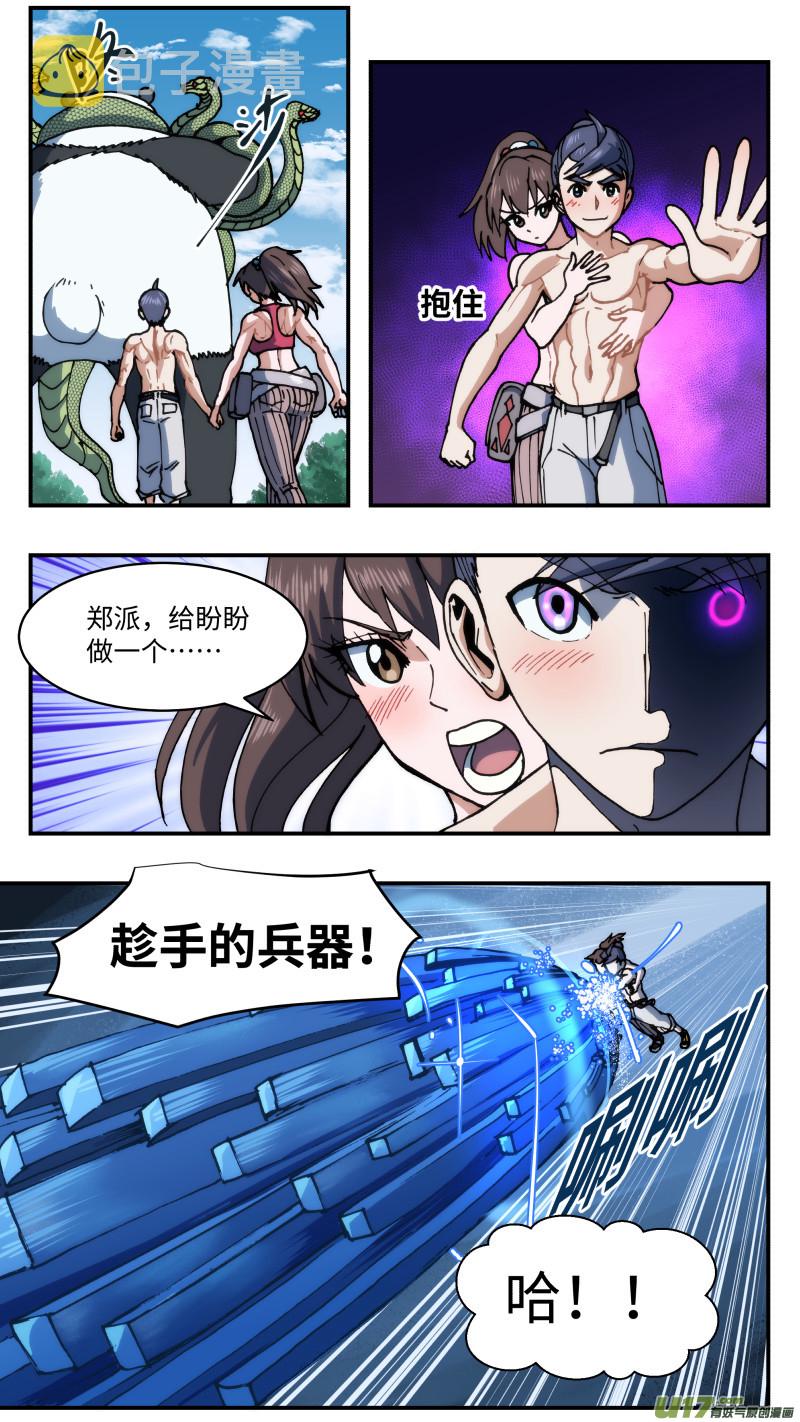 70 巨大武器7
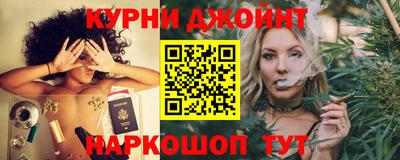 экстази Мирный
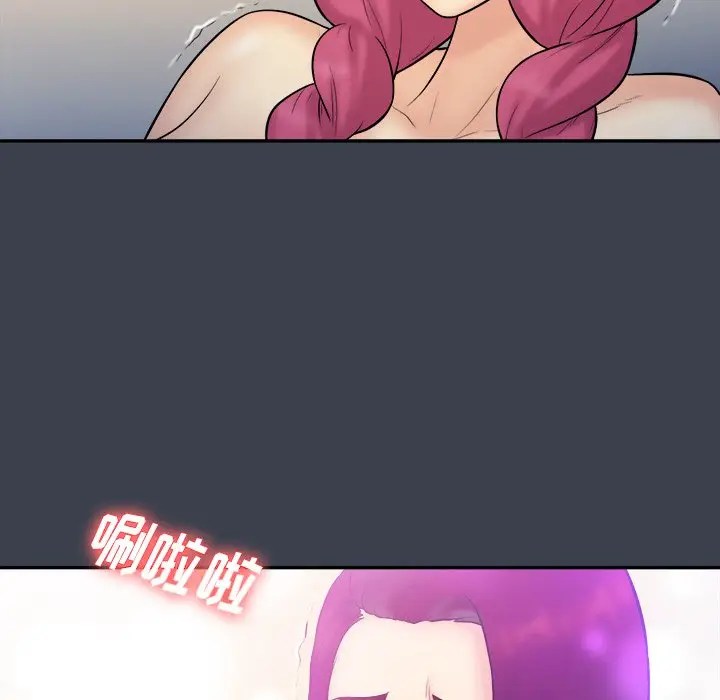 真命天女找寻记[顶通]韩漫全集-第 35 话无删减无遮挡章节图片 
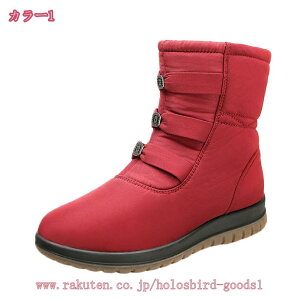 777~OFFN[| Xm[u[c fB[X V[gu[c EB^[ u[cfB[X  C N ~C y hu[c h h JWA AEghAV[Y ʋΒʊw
* * *
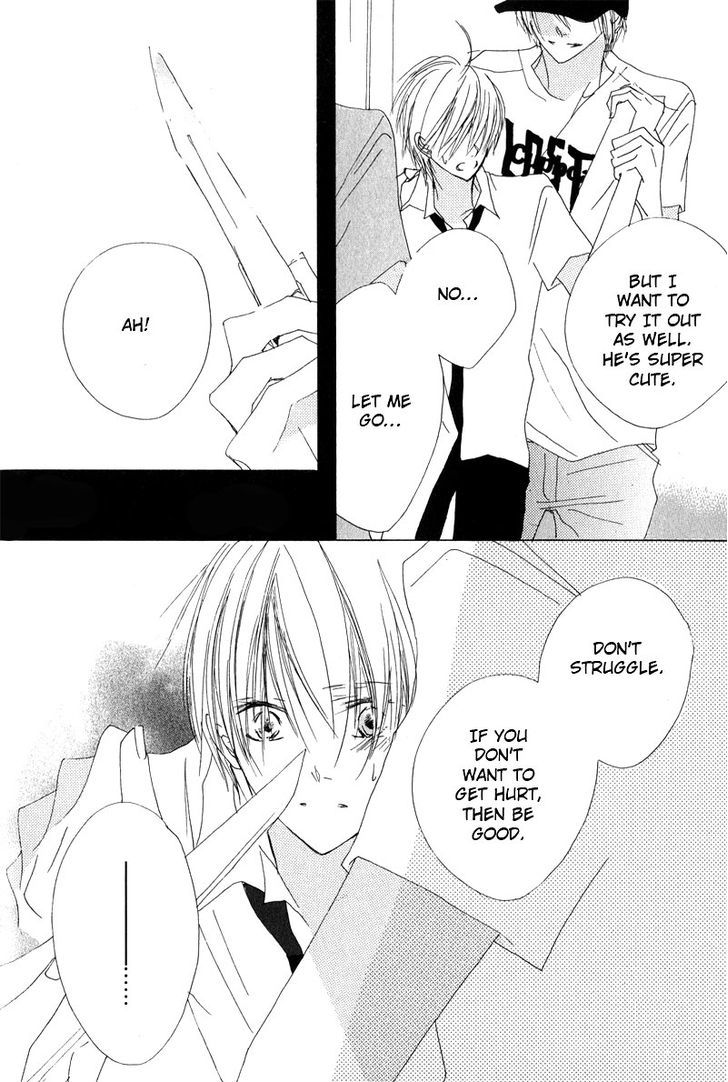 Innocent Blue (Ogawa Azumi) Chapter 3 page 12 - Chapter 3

» **Your task**
Given the listing above, retype only the span of lines from the line with "экстази Мирный" up to and including the line with "777~OFFN[| Xm[u[c fB[X", exactly as it stands and without pictures.

» **Result of this exercise**
 экстази Мирный
 真命天女找寻记[顶通]韩漫全集-第 35 话无删减无遮挡章节图片 
 777~OFFN[| Xm[u[c fB[X V[gu[c EB^[ u[cfB[X  C N ~C y hu[c h h JWA AEghAV[Y ʋΒʊw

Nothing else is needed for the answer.